- Directed by: P. A. Bakker
- Written by: Cherukad
- Screenplay by: MT Vasudevan Nair
- Produced by: N. Parameswaran Nair
- Starring: P. J. Antony Kaloor Sudhakaran Kunjandi Sathaar Surasu Kutyedathi Vilasini
- Cinematography: Vipin Das
- Edited by: Ravi
- Music by: G. Devarajan
- Release date: 12 November 1979;
- Country: India
- Language: Malayalam

= Manninte Maril =

Manninte Maril (English: In the Bosom of the Earth) is a 1979 Indian Malayalam film, directed by P. A. Bakker, based on Cherukad's novel Manninte Maril. The film stars P. J. Antony in a lead role. The film has musical score by G. Devarajan.

==Cast==
- P. J. Antony
- Kaloor Sudhakaran
- Kunjandi
- Sathaar
- Surasu
- Kutyedathi Vilasini

==Soundtrack==
The music was composed by G. Devarajan and the lyrics were written by O. N. V. Kurup.
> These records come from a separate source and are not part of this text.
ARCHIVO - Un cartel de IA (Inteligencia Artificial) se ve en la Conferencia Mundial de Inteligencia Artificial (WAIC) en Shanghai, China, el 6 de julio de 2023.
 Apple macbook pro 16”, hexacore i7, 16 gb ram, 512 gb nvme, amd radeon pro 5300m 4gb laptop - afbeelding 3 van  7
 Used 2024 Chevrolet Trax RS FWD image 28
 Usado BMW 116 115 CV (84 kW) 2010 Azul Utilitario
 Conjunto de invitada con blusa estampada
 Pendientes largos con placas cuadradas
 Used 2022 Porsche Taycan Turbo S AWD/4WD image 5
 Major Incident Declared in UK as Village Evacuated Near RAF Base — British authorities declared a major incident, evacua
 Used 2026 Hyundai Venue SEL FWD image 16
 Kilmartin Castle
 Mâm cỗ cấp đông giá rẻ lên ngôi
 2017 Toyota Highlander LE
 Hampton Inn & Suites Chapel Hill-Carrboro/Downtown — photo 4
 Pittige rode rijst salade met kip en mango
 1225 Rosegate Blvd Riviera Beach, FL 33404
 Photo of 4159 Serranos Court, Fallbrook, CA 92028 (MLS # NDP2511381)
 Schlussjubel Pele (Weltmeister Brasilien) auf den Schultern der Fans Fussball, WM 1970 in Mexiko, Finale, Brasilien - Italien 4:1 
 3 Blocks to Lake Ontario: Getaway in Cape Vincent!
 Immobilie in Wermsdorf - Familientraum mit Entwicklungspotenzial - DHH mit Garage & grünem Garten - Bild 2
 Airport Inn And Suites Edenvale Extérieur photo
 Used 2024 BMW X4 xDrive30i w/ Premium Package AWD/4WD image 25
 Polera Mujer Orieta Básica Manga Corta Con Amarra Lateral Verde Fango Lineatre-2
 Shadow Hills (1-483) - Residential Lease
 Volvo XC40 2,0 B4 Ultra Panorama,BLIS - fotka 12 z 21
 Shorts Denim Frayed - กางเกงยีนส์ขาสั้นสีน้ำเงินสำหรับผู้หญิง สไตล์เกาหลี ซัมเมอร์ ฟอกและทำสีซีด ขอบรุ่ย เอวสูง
| No. | Song | Singers | Lyrics | Length (m:ss) |
|---|---|---|---|---|
| 1 | "Kunnimani Maalacharthi" | P. Madhuri, Chorus | O. N. V. Kurup |  |
| 2 | "Orukai Irukai" | P. Madhuri, Chorus | O. N. V. Kurup |  |

==Additional information==
Manninte Maril was actor P.J. Antony's last movie. He died in March 1979.